EXERCISE REQUIREMENTS =>
Each line in the material below, starting at the one that contains "We used three" and ending at the one that contains "An overabundance of", should be repeated exactly; the pictures should not.

EXERCISE DATA =>
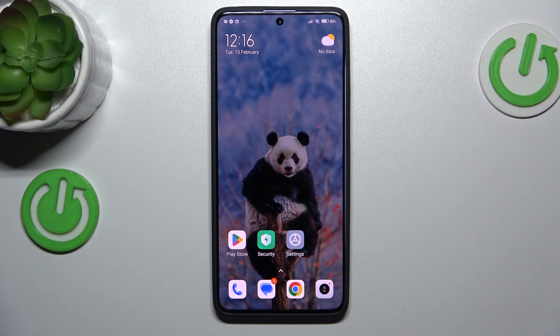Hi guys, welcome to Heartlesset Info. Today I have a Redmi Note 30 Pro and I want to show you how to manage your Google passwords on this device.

==

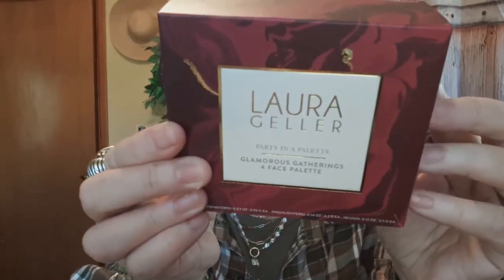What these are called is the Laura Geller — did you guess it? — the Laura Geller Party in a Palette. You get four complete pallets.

---

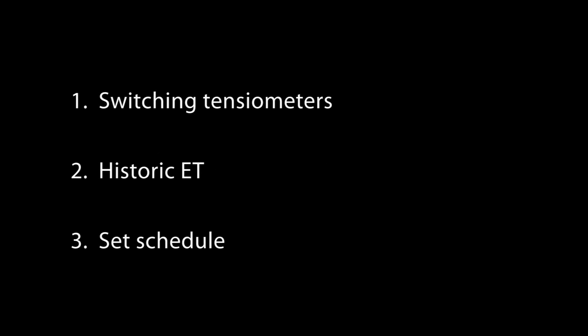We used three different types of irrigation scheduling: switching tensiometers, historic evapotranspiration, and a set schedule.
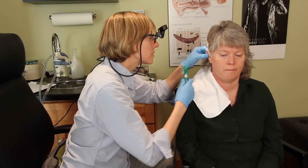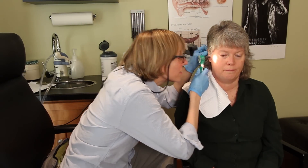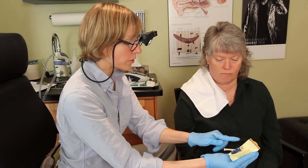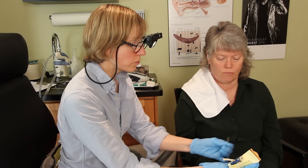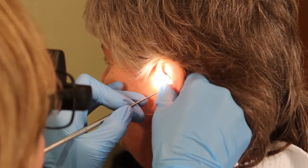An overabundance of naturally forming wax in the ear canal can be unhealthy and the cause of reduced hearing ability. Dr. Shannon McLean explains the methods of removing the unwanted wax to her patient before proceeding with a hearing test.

SOLUTION BELOW =>
We used three different types of irrigation scheduling: switching tensiometers, historic evapotranspiration, and a set schedule.
An overabundance of naturally forming wax in the ear canal can be unhealthy and the cause of reduced hearing ability. Dr. Shannon McLean explains the methods of removing the unwanted wax to her patient before proceeding with a hearing test.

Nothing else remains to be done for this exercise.